[Cryptography] one-time pads

Bill Cox waywardgeek at gmail.com
Mon Jan 20 17:14:34 EST 2014


I built a OTP system fun in the late 1990's.  My Dad and I both had
CDs that I filled with identical copies 600MB of true random data.  My
father's data started at 0 and increased as he sent mail, and I
started at 600MB and went down.  Each email said what range was needed
to decrypt it, so we just kept track of how much we had used (it was
of course automated).  I wrote a cute little Windows email program
that worked like a regular email program, except it used the
one-time-pad.  It even supported attachments.  It complained if the CD
was not inserted in the drive.  However, it was attached to a Windows
machine on the Internet, so I'm sure glad I didn't have anything
valuable in those messages.  The provable security of one-time-pads is
really no comfort.

People dump on OTPs, but compare that flow to using the latest and
greatest public key system.  Instead of handing my Dad a thumb drive
full of OTP data next time I see him, we would more likely email our
public keys to each other, and maybe even follow it up with a phone
call to convince each other we've got the right ones.  In the process,
we may tip off Eve that we're up to something (I hear she's really hot
by the way - hope she's not reading this post...).  If I really wanted
to communicate secretly, I would hand my Dad a thumb drive with a true
random 256-bit shared AES-256 key, and never let it touch any device
attached to the Internet.  We might play with stenography, embedding
our secret messages in pictures.

I protect my car (worth maybe $15,000) with a physical key I keep in
my pocket.  If an attacker wanted my car, he might be able to get it,
but it's tricky.  He has to be physically present, know what he's
doing, and not get caught while doing it.  In reality, I've never had
a car stolen.  Physical keys work pretty well.

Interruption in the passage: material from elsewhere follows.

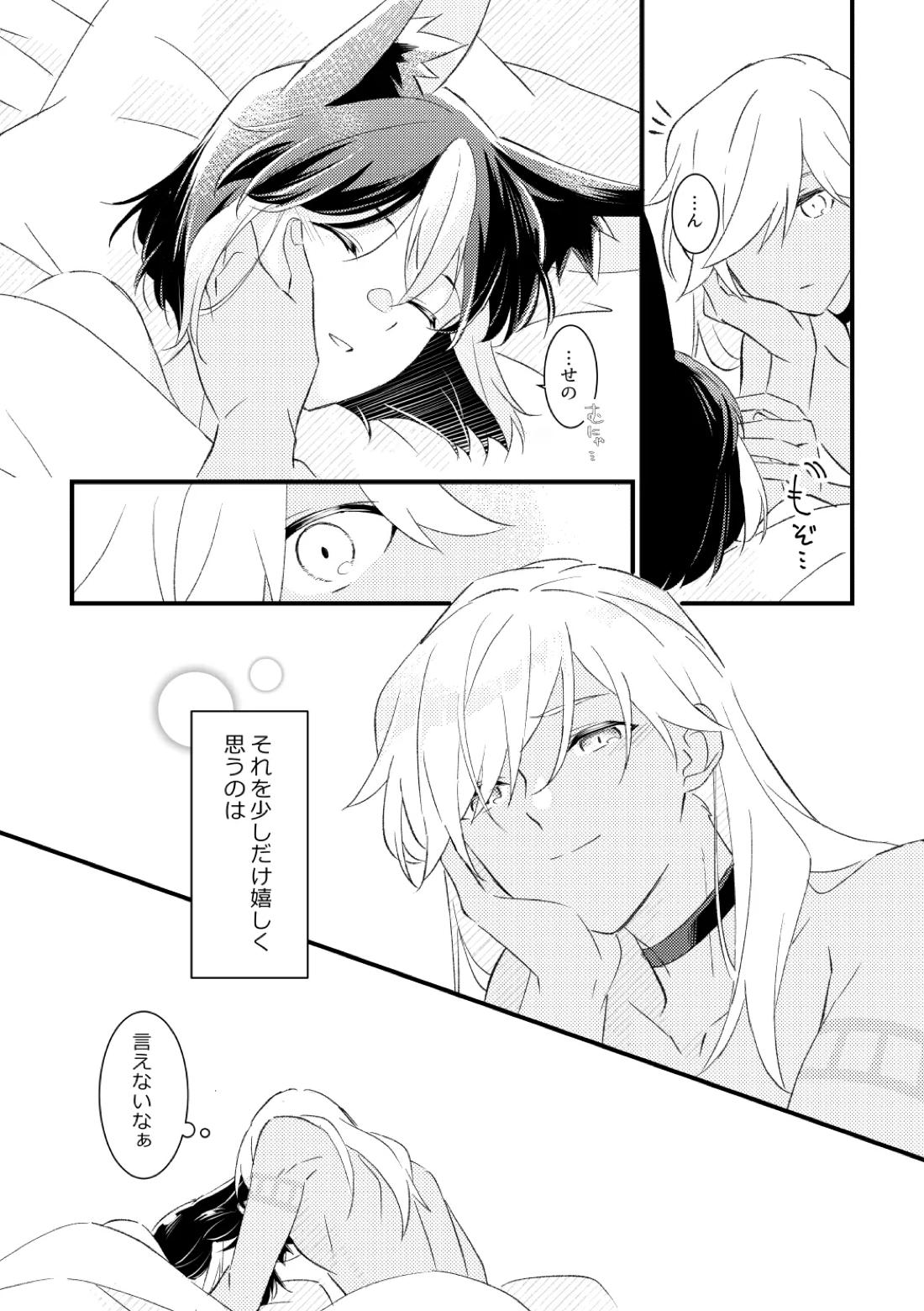 プライベート・アプローチ 46ページ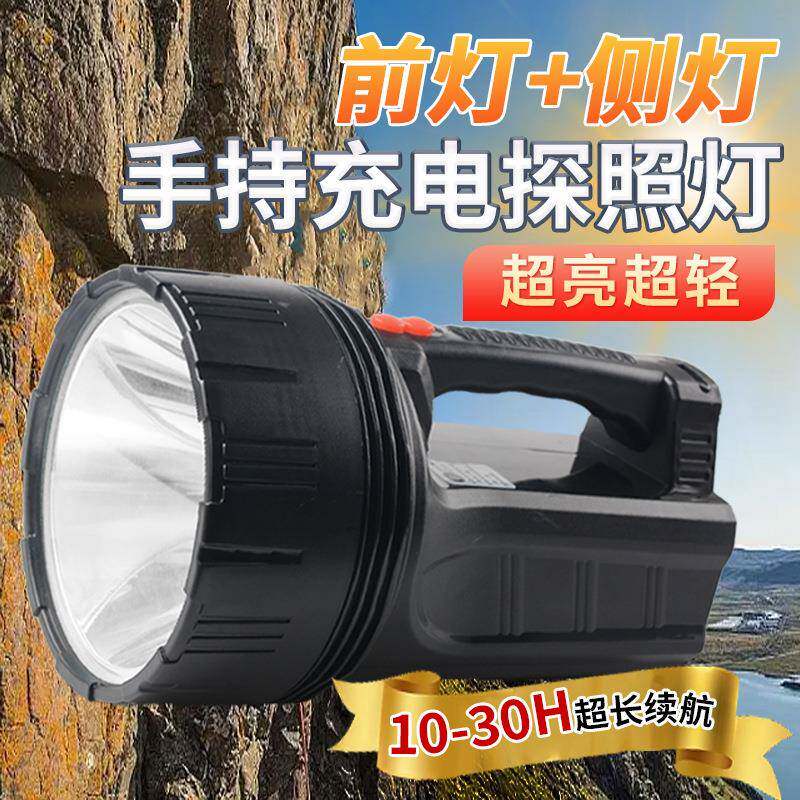 手持充电探照灯led户外聚光远射巡逻工作照明家用停电应急手电筒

If I protect $1 worth of e-money with the best open-source crypto
system available, I sure wouldn't want to depend on that $1 being
there tomorrow.  That's why I sold all my BitCoins (all 20-something
of them last spring for $23 each).  When they were worth < $50 total,
I didn't care if they were stolen.  Once they hit $500, I got them the
heck off my computer.

Electronic keys don't work very well when used on anything connected
to the Internet.  If they did, we'd all love voting over the Internet.
 My point is that fancy crypto is fun and all, but for real security,
you have to have some physical device that never touches the Internet.
 Once you already carry around a physical key, how different is the
experience than using OTPs?

I think the main reason for the death of OTPs is that we've convinced
ourselves that shared private key crypto works, and it's simply a
better solution.  It's frightening how often we've been wrong, though!